The Sentiment Distribution figure above reveals how sentiments are spread out. For example, you might observe a concentration of posts around 0.0 (neutral sentiment), with fewer posts at the extreme positive or negative ends. Comparing the two histograms can also show if one method tends to give more neutral vs. extreme scores than the other. In our analysis, both VADER and BERT histograms show the overall sentiment leaning and variability in the Facebook posts.

**Figure 5 (VADER Sentiment Categories by Day)** Decription: These visualizations extend our analysis of sentiment scores by breaking them down by day of the week. These figures help us understand how sentiment changes based on time context.

In [None]:
# Categorize VADER sentiment
def categorize(score):
    if score >= 0.05:
        return 'Positive'
    elif score <= -0.05:
        return 'Negative'
    else:
        return 'Neutral'

df['vader_category'] = df['vader_compound'].apply(categorize)
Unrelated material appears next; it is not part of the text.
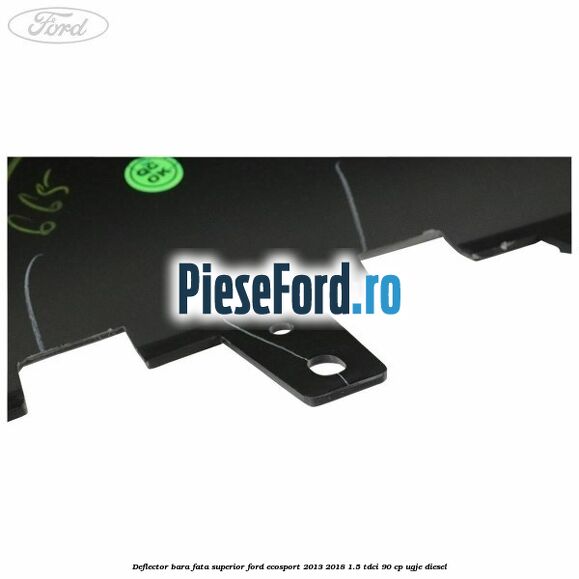 Deflector bara fata superior Ford EcoSport 2013-2018 1.5 TDCi 90 cp UGJE diesel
pivot = df.groupby('day_of_week')['vader_category'].value_counts().unstack().fillna(0).loc[days_order]
pivot.plot(kind='bar', stacked=True, figsize=(10, 6), colormap='viridis')
plt.title("VADER Sentiment Categories by Day of Week")
plt.xlabel("Day of Week")
plt.ylabel("Number of Posts")
plt.legend(title="Sentiment Category")
plt.grid(True, axis='y')
plt.tight_layout()
plt.savefig('experiments/figures/vader_sentiment_stacked_bar_by_day.png')
plt.show()


This stacked bar chart provides a breakdown of sentiment categories—**Positive**, **Neutral**, and **Negative**—for each day of the week using the VADER sentiment scores. It helps visualize how the emotional tone of Facebook posts fluctuates throughout the week. For example, you can observe whether weekends tend to have more positive posts or if certain weekdays see spikes in negativity. The height of each stacked bar represents the total number of posts for that day, while the colored segments indicate how those posts are distributed across the sentiment categories.


## 5. Figure Usage

These figures are used in the final project presentation and in the report’s results section to support our findings:

- **Figure 1 (Sentiment Trend & Forecast)**: Included in the final presentation and report to discuss how sentiment in the group has evolved and the projected future trend.
  - File: `experiments/figures/sentiment_trend_forecast.png`

- **Figure 2 (VADER vs. BERT Scatter)**: Included in the presentation and report to demonstrate the consistency between two different sentiment analysis techniques. This supports the methodology by showing that both tools yield comparable results for most posts.
  - File: `experiments/figures/sentiment_scatter_vader_vs_bert.png`

- **Figure 3 (Sentiment Distributions)**: Used in the presentation and report to provide an overview of the overall sentiment breakdown. It highlights the proportion of posts that are neutral, positive, or negative in tone.
  - File: `experiments/figures/sentiment_score_distribution.png`

- **Figure 4 (Box Plots of Sentiment by Day of Week)**: Included in the presentation and report to analyze how sentiment varies throughout the week. This figure supports temporal sentiment insights.
  - File: `experiments/figures/sentiment_boxplots_by_day.png`

- **Figure 5 (VADER Sentiment Categories by Day)**: Used in the presentation and report to show trends in emotional tone by weekday. Helps identify patterns such as whether posts become more positive or negative on specific days.
  - File: `experiments/figures/vader_sentiment_stacked_bar_by_day.png`


## 6. Notes

- If real-time scraping is not feasible, ensure `otsego_good_maybe.csv` is updated and stored in the `data/` directory before running this notebook.